* [AIM OF THE EXERCISE]: Beginning with the line that holds "Navy INC Rhinestone Tank - Picture 2 of 5" and finishing with the line that holds "Чехол iPhone 17", repeat the listing exactly, leaving every picture out.

* [TASK DATA]:
[Start of section]

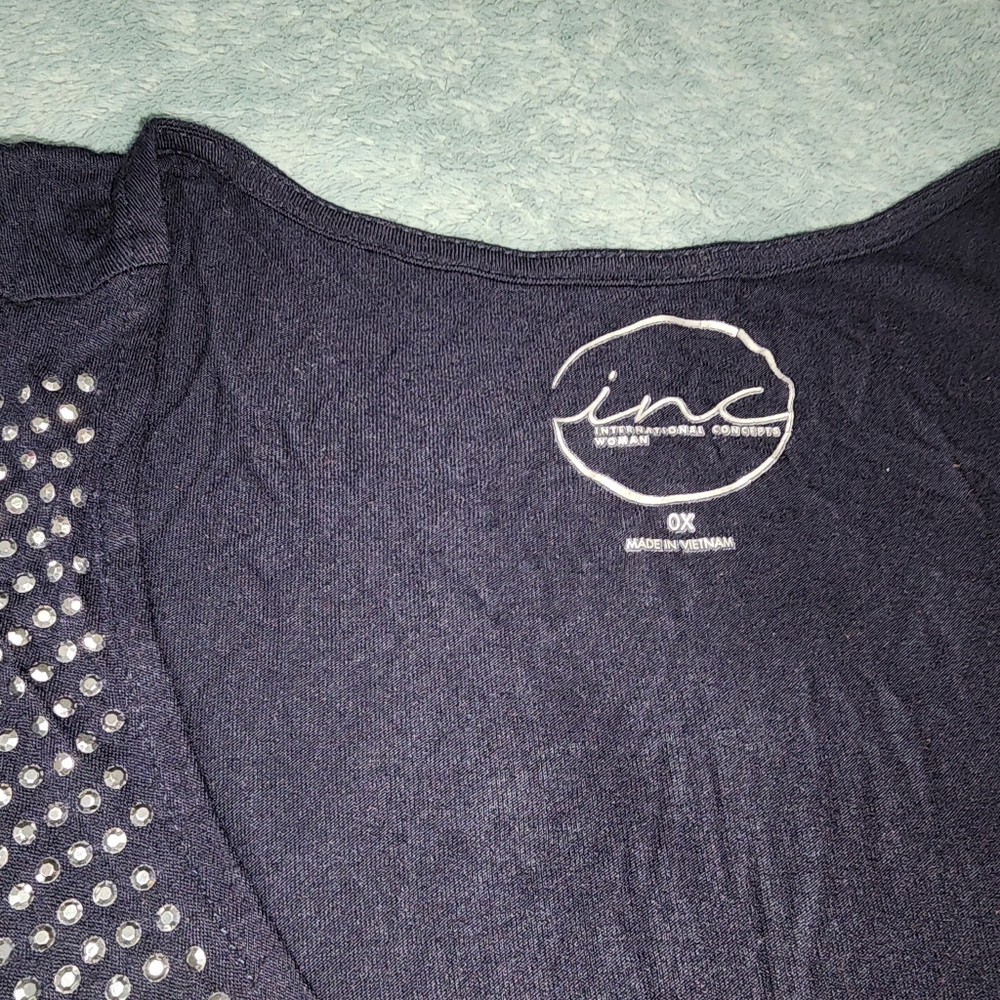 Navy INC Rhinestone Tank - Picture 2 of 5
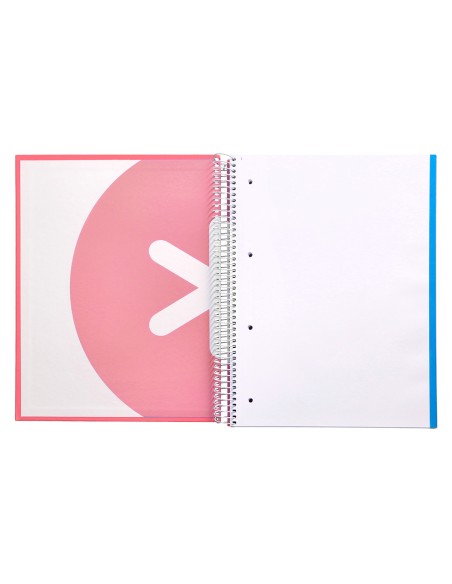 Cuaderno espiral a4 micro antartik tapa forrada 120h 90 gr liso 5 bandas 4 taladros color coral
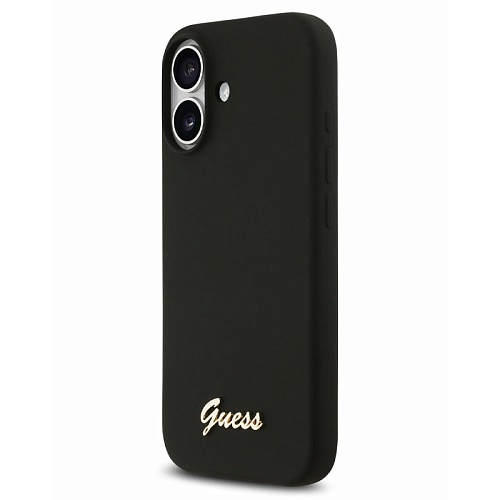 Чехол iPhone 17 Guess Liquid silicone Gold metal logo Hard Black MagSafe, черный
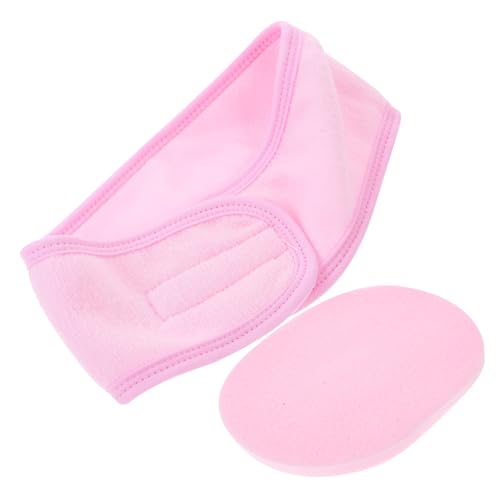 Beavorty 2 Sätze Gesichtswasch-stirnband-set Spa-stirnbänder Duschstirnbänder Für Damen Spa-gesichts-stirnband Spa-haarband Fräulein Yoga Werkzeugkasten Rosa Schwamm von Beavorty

[End of section]
[Start of section]

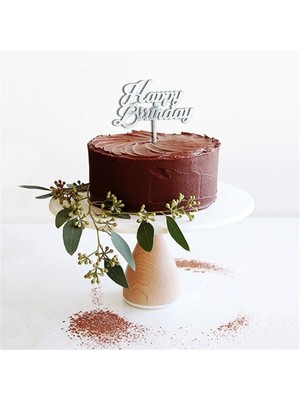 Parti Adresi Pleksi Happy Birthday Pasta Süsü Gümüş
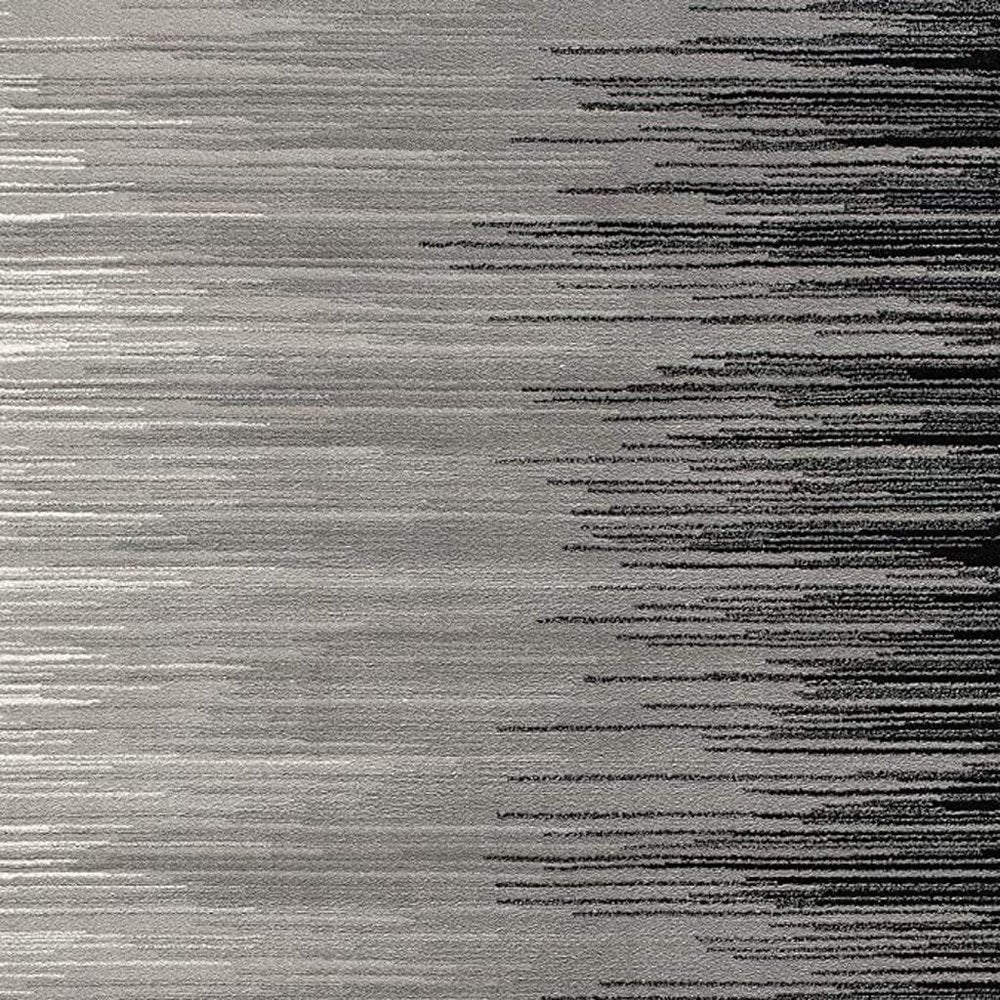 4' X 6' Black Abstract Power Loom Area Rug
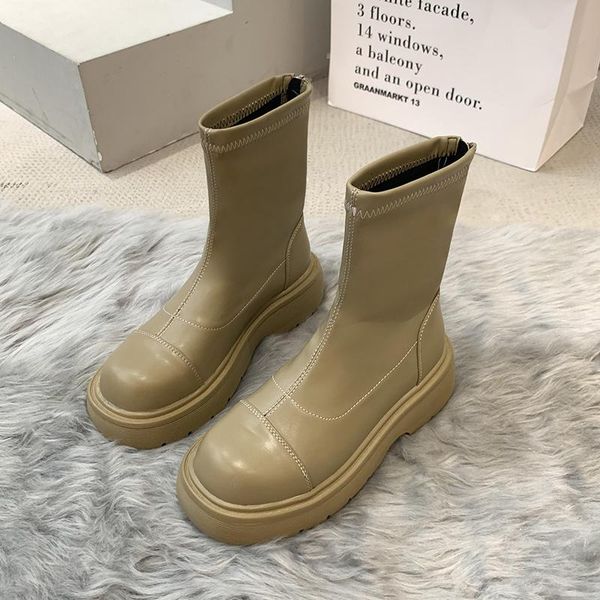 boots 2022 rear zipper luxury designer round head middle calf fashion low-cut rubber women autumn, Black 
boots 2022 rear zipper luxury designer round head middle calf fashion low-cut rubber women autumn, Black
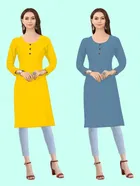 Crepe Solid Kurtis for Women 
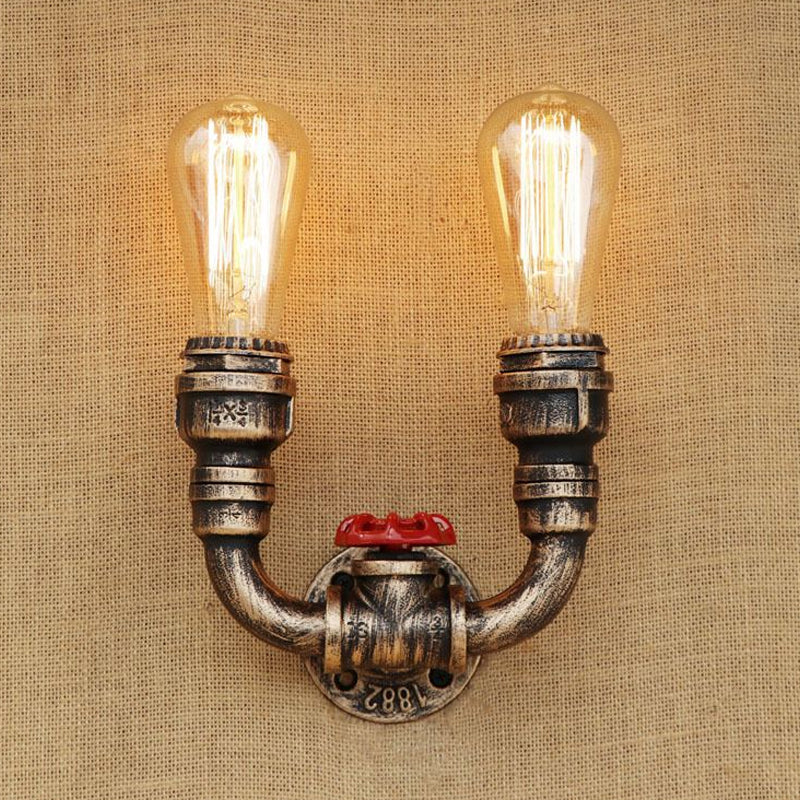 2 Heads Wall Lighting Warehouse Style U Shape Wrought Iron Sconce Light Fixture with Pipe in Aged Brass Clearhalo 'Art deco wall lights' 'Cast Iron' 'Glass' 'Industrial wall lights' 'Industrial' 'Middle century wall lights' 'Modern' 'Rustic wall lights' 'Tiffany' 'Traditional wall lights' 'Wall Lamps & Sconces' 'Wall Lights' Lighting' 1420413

[End of section]

* [RESPONSE FOR THIS EXERCISE]:
 Navy INC Rhinestone Tank - Picture 2 of 5
 Cuaderno espiral a4 micro antartik tapa forrada 120h 90 gr liso 5 bandas 4 taladros color coral
 Чехол iPhone 17 Guess Liquid silicone Gold metal logo Hard Black MagSafe, черный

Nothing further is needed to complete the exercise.